Many gnome enthusiasts believe that gnomes originated in Germany in the early 1800s and that the first gnomes appeared in England in the 1840s. However, as I attended my very first Renaissance Fair in Bristol Wisconsin, I couldn’t help but notice gnomish influences all around me.
But wait! The Renaissance is categorized as the period of European history between the 1300s and the 1600s. So how did gnomes begin sneaking their way into these festival celebrations?
According to the Oxford English Dictionary, the word “gnome” comes from Renaissance Latin gnomus, which first appears in the works of a 16th century Swiss alchemist named Paracelsus. He described gnomes as diminutive spirits that were small, lived underground, and appeared in Renaissance magic and alchemy. In his publications, Paracelsus wrote that gnomes were about a foot tall, could move through solid earth, and were weary of human contact. You can read more about Paracelsus’ gnomes in Alan G. Hefner’s essay, “Paracelus’ Natural Spirits,” and Princeton’s history of gnomes.

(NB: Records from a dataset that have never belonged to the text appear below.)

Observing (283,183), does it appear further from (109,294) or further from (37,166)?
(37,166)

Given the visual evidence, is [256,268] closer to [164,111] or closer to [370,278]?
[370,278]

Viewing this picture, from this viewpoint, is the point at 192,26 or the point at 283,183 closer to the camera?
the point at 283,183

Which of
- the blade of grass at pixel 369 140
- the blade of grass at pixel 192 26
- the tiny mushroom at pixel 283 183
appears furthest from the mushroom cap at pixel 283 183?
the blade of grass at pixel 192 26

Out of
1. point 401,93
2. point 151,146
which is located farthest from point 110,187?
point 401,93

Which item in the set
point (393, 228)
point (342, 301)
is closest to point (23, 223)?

But as I walked around the Renaissance Fair chomping on an oversized turkey leg and admiring the costumes, I couldn’t help but notice more trolls, wizards, fairies, and elves than gnomes for sale. One fair vendor selling mushrooms had a lovely lady gnome with her two children on display. The vendor revealed that he and his wife used to run a Renaissance fair booth that was all about gnomes and sold gnomes in all shapes and sizes. I tried to convince him to bring that booth back next year…we’ll see.

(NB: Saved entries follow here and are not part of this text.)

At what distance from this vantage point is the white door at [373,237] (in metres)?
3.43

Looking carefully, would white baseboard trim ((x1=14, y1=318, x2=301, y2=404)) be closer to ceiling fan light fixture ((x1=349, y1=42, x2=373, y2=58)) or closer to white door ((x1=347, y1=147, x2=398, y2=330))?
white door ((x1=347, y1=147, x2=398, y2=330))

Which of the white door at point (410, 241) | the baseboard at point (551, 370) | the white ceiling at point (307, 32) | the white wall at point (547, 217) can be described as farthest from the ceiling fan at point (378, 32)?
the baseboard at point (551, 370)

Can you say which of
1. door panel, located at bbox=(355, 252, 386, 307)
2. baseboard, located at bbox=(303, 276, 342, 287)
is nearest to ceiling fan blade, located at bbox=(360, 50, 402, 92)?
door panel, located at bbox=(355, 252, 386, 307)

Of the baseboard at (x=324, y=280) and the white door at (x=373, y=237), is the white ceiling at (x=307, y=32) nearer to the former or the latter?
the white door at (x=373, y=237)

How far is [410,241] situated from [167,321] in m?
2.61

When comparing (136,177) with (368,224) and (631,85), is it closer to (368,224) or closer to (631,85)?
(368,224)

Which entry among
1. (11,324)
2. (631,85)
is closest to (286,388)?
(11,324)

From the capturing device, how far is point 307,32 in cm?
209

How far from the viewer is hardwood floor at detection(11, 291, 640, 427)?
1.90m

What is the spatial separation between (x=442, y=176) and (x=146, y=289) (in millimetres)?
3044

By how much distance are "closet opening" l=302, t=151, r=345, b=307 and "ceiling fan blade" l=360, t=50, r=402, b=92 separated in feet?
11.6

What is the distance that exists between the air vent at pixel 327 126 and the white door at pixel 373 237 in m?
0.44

I visited another fair vendor who created handmade pottery sculptures of all kinds. As you can see in this photo, gnomes sat alongside wizards, Santas, and leprechauns. Just as I find with Christmas markets each year, identifying true gnomes in crowds like this is always a challenge.
So I ask again, do gnomes belong at Renaissance Fairs?
As I see it, the purpose of a Renaissance Fair is to take a step back in history to enjoy a day in another place and time. So while the true origin of gnomes is still debated, gnomes have a special place in history and I think they would really enjoy the Renaissance Fair activities. And if wizards, elves, and trolls are allowed to attend, then I see no reason for gnomes to be left out of the celebration! Cheers!